Don’t Believe the Hype: AI Capabilities May Not Create Real-World Value
Microsoft Chief Technology Officer Kevin Scott gives remarks on the eve of the company's 2025 Build conference. Credit: Ken Yeung

Kevin Scott always has something to say on the eve of Microsoft Build. The company’s chief technology officer shares his read on where technology is headed, typically in step with whatever the company is about to announce. This year, I joined executives, developers, and my fellow journalists in a downtown San Francisco bar as Scott laid out five observations about AI and the gap between what people expect from it and what it can actually deliver. His message: there’s a lot of work ahead if we want AI to live up to its hype.

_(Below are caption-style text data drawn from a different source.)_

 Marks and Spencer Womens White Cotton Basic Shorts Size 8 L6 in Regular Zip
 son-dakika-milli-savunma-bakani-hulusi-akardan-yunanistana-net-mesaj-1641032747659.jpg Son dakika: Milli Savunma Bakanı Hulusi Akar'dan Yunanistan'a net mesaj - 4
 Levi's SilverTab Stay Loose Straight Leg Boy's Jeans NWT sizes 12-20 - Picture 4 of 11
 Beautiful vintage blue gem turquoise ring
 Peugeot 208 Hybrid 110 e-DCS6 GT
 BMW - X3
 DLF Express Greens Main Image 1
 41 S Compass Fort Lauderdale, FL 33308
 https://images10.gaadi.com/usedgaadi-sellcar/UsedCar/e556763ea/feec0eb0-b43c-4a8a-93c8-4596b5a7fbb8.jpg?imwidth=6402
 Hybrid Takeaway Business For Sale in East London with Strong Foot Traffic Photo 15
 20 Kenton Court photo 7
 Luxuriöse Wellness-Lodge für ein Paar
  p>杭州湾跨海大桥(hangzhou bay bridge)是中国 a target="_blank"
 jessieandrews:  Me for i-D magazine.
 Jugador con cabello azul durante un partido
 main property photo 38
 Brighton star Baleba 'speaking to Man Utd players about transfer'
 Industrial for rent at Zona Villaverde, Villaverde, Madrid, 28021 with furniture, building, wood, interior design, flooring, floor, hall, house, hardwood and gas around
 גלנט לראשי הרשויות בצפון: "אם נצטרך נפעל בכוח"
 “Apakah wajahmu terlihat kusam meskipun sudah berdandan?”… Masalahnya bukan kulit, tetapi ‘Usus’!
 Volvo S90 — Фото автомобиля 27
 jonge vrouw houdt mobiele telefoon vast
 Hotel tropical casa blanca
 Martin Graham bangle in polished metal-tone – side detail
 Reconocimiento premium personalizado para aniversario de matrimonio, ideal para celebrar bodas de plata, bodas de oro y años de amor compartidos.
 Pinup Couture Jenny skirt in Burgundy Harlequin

Capability Runs Ahead of Deployment

The first observation centers on the concept of capability overhang: the idea that AI models are more capable than the tasks for which we use them in the real world. “Just because an AI is highly capable of something does not necessarily mean that quick deployment will follow,” Scott said. In other words, when it comes to using AI, we’re leaving a lot more potential on the table.

By his read, agentic coding is the area where AI’s capabilities are “furthest ahead.” It’s letting people write more code, making strong programmers more effective, and giving people who have never written a line the means to build something for the first time. But even where AI is at its most capable, deployment can still lag.

“It’s not necessarily like ‘Field of Dreams’—build it, and they will come,” Scott said. “In some places, yes, and in some places, no, and so we just shouldn’t have uniform faith that as the AI model capabilities improve, we’re going to get this crazy fast deployment everywhere.”

He admitted that it could be a bit of a controversial take, at least for those in Silicon Valley.

Progress Follows the Feedback Loop

Setting that debate aside, Scott moved to his second observation, though it’s really the engine underneath the first. Coding races ahead, he argued, because it has the tightest feedback loops of any domain. A closed feedback loop is a cycle in which the output of a process gets measured and fed back in to sharpen the next round, over and over.

With agentic coding, the model writes code. You can immediately check it with existing tools: does it compile, and is it well-formed? Models can also generate the tests themselves, so you can see whether the code actually does what was asked. Then, experts tune the models in post-training to prefer better outputs. And finally, the developers using the product generate even more feedback.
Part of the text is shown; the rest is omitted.